**Entries shown:**
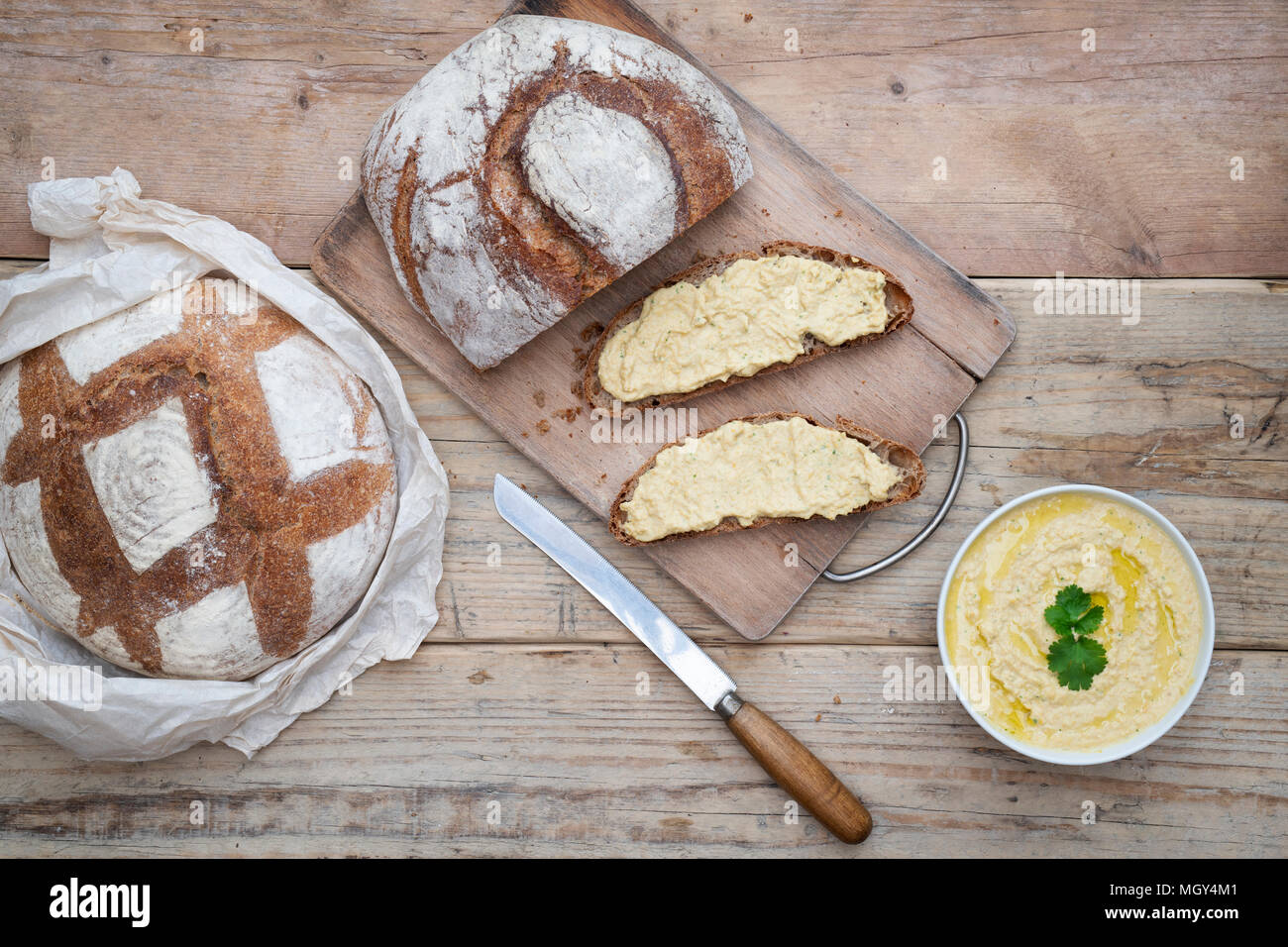 Sauerteigbrot und Dinkelsauerteig Brot mit hausgemachtem Hummus auf einem Brotbrett. VEREINIGTES KÖNIGREICH. Stockfoto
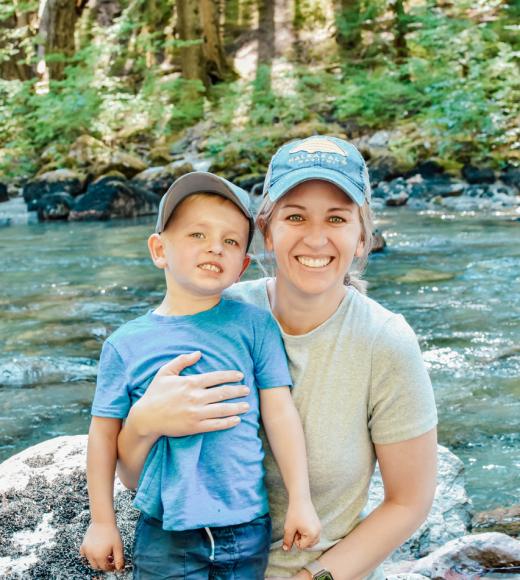 Healthcare Analytics Certificate grad Kate Guzowski poses with son in front of river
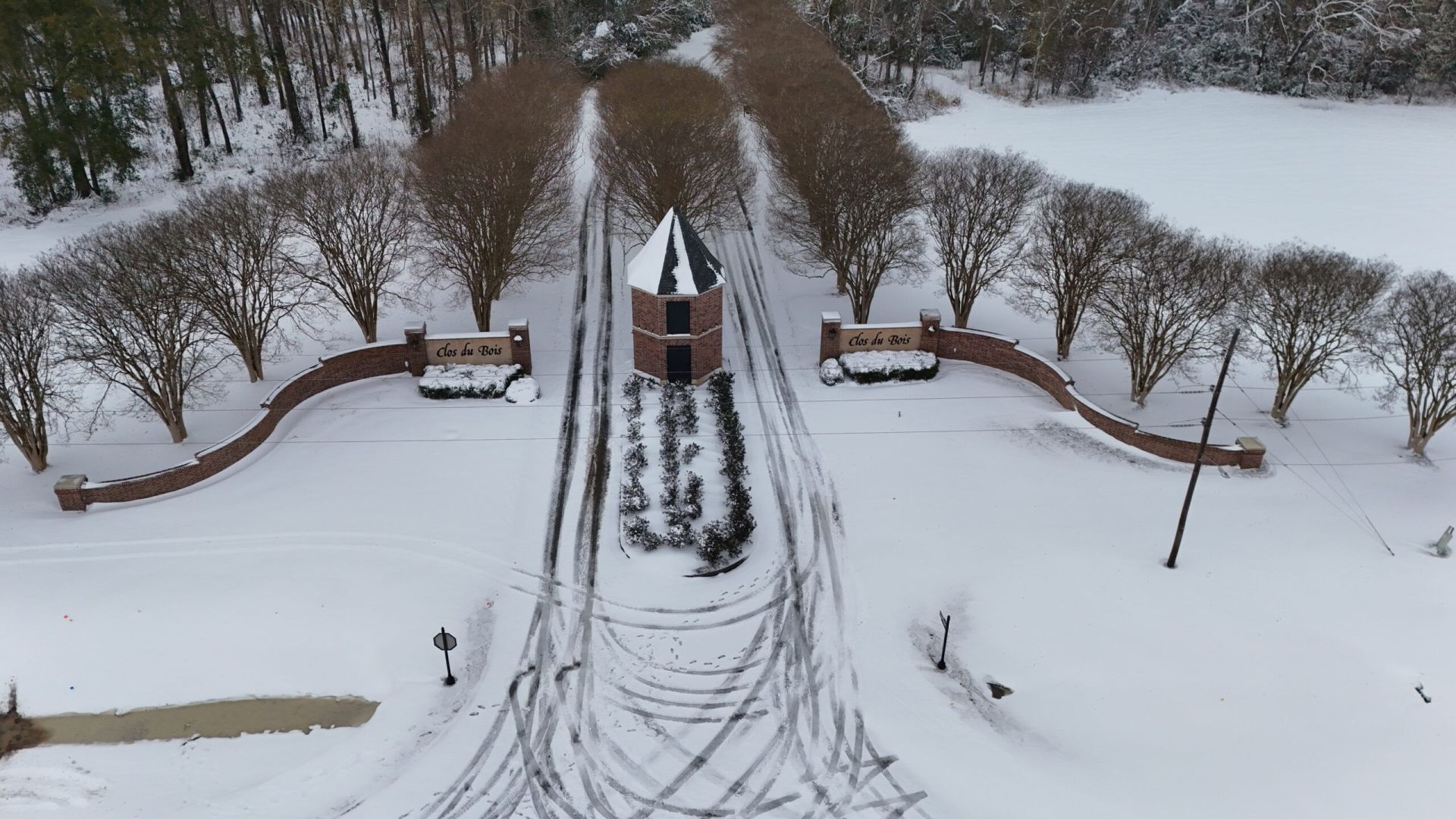 snow covered subdivision entrance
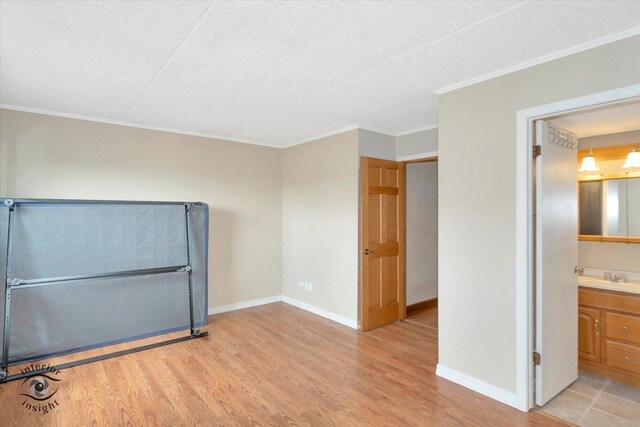 empty room with a baseboard heating unit, crown molding, light wood-type flooring, and baseboards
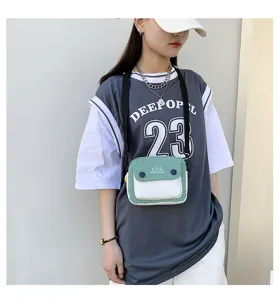 Small canvas crossbody bag worn by model, stylish color-block design for women and girls.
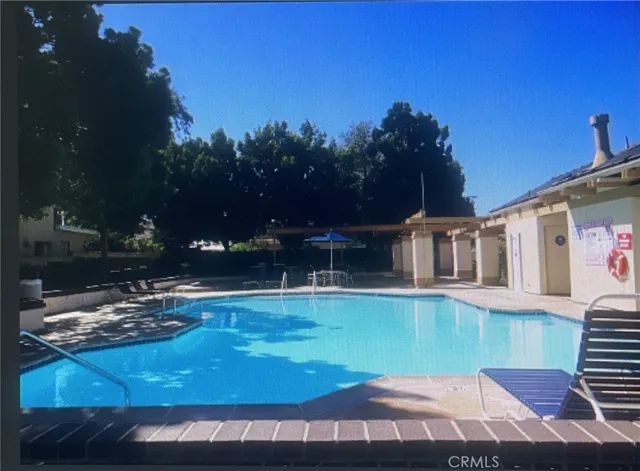 a view of a house with yard and sitting area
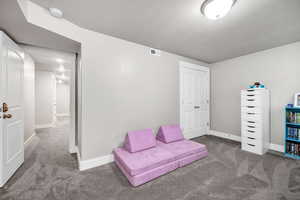 View of carpeted bedroom with closet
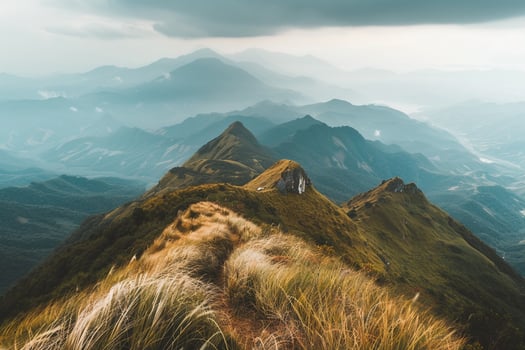 A view of the mountains from the top of a mountain photo
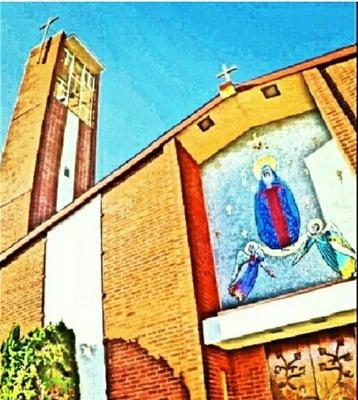 art above the front door with the bell tower in the background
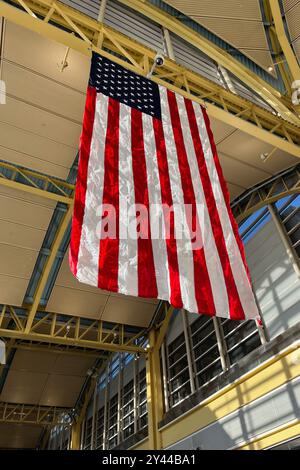 Eine große amerikanische Flagge hängt von der Decke. Die Flagge ist rot, weiß und blau mit einem Stern in der Mitte. Die Flagge hängt an einem Metallbalken. Stockfoto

**The problem:** Please copy the entries in full. Leave each image out.

**Your response:**
 Sauerteigbrot und Dinkelsauerteig Brot mit hausgemachtem Hummus auf einem Brotbrett. VEREINIGTES KÖNIGREICH. Stockfoto
 Healthcare Analytics Certificate grad Kate Guzowski poses with son in front of river
 snow covered subdivision entrance
 empty room with a baseboard heating unit, crown molding, light wood-type flooring, and baseboards
 Small canvas crossbody bag worn by model, stylish color-block design for women and girls.
 a view of a house with yard and sitting area
 View of carpeted bedroom with closet
 A view of the mountains from the top of a mountain photo
 art above the front door with the bell tower in the background
 Eine große amerikanische Flagge hängt von der Decke. Die Flagge ist rot, weiß und blau mit einem Stern in der Mitte. Die Flagge hängt an einem Metallbalken. Stockfoto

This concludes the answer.